**Caption-style text data:**
========

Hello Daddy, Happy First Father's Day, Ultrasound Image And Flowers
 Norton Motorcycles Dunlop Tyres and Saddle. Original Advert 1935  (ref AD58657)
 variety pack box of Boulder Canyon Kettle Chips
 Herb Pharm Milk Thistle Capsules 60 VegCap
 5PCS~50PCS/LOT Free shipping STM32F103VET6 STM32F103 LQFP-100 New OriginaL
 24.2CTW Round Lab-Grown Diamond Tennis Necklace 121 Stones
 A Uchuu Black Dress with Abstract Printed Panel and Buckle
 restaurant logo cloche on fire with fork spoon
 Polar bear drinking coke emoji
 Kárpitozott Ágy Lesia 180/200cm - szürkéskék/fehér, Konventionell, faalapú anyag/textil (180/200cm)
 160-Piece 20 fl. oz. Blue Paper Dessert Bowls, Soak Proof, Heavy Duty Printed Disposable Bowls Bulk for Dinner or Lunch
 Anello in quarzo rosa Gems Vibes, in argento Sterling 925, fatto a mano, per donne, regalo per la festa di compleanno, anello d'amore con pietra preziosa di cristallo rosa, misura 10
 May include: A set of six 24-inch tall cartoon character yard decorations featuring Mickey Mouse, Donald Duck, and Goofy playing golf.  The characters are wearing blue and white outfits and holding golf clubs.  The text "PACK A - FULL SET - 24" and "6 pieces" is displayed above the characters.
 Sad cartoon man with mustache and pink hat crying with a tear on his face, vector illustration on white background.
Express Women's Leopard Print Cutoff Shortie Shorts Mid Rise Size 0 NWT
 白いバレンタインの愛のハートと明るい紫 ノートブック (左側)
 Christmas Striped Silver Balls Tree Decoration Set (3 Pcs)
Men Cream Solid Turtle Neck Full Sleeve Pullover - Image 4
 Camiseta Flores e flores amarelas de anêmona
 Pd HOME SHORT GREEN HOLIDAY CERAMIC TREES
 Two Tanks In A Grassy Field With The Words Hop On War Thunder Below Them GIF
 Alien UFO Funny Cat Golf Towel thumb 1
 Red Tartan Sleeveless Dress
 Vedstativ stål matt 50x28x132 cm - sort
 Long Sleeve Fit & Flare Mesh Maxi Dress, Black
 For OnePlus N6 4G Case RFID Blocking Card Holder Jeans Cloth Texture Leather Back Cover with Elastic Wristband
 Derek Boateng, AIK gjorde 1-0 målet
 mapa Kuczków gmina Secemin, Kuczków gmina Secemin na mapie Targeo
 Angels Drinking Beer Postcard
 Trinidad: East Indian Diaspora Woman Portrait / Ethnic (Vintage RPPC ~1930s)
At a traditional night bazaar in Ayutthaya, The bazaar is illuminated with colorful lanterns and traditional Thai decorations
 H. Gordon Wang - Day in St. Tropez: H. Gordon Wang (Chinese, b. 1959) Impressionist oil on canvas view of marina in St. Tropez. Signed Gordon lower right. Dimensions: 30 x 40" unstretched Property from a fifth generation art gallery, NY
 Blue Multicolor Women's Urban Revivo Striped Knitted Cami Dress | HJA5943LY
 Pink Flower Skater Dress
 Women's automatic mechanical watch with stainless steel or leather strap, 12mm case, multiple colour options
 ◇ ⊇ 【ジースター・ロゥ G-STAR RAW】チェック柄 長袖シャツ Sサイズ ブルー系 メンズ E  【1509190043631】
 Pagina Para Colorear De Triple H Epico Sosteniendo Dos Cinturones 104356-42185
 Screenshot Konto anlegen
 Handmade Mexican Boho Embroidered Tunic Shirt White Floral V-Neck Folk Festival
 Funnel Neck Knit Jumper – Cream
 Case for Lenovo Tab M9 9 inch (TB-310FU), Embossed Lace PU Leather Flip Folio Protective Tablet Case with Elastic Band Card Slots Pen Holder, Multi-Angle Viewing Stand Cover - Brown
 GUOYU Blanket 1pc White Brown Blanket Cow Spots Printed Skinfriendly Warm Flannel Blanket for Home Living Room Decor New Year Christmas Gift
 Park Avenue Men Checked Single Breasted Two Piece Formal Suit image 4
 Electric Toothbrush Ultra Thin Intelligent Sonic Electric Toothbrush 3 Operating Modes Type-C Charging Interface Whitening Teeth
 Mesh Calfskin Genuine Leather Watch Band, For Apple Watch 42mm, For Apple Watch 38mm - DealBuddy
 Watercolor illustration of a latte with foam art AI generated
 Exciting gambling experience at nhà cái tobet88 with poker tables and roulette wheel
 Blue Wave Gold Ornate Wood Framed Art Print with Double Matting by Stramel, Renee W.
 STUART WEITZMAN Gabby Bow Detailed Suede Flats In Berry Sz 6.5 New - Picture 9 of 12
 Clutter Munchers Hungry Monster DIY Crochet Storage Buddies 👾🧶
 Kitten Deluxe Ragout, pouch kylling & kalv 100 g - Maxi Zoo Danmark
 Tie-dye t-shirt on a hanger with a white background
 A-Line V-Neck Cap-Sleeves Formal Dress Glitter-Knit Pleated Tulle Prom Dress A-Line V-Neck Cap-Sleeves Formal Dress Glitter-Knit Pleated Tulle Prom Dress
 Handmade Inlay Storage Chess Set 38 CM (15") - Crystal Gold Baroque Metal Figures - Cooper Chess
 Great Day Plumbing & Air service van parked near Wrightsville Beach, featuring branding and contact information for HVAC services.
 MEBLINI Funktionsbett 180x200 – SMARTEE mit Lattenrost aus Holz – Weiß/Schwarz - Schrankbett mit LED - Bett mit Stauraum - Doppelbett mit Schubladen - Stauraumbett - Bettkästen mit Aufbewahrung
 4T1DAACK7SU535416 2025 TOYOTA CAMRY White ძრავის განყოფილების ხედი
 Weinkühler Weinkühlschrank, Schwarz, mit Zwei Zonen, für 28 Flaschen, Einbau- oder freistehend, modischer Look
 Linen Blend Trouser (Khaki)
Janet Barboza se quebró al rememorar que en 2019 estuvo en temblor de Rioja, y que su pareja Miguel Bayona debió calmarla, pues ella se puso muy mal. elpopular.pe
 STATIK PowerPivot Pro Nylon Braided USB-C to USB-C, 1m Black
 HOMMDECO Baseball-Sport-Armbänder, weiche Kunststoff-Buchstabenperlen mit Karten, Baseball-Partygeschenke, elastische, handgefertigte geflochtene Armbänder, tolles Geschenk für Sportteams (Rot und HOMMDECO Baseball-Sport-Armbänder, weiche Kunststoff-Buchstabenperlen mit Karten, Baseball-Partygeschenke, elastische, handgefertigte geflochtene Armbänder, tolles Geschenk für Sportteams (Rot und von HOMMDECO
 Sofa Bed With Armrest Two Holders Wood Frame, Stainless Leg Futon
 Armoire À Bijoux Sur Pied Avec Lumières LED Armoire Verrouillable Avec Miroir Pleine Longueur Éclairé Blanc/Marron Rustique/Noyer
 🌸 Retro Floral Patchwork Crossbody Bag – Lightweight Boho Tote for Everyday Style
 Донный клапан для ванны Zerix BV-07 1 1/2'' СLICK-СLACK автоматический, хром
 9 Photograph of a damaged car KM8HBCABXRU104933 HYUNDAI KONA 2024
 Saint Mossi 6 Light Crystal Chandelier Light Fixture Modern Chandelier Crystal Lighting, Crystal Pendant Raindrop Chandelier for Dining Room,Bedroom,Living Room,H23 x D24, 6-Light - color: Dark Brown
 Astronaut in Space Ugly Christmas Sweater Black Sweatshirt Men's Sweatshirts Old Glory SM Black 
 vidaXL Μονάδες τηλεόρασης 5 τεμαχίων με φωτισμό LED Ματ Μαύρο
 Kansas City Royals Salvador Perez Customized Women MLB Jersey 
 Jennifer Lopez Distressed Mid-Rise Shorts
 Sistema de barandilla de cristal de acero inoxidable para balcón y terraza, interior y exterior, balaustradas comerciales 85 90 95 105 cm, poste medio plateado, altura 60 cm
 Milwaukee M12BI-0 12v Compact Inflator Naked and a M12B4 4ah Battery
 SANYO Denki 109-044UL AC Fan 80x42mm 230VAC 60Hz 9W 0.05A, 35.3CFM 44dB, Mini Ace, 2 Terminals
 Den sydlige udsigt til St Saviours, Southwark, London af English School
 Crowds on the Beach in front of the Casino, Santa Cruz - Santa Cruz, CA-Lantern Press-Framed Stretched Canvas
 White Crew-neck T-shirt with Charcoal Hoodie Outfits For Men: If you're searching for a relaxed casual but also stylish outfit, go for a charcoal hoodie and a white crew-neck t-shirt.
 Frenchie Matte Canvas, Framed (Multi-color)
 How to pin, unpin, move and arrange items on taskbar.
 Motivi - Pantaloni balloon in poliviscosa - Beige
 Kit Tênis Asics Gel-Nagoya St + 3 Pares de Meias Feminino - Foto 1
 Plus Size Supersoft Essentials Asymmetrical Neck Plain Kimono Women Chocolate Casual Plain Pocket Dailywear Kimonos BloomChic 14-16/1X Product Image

========

**TASK ITEM:** What lines in the data above contain the word "Framed"? Copy them all.

**ANSWER TO THIS TASK:**
 Blue Wave Gold Ornate Wood Framed Art Print with Double Matting by Stramel, Renee W.
 Crowds on the Beach in front of the Casino, Santa Cruz - Santa Cruz, CA-Lantern Press-Framed Stretched Canvas
 Frenchie Matte Canvas, Framed (Multi-color)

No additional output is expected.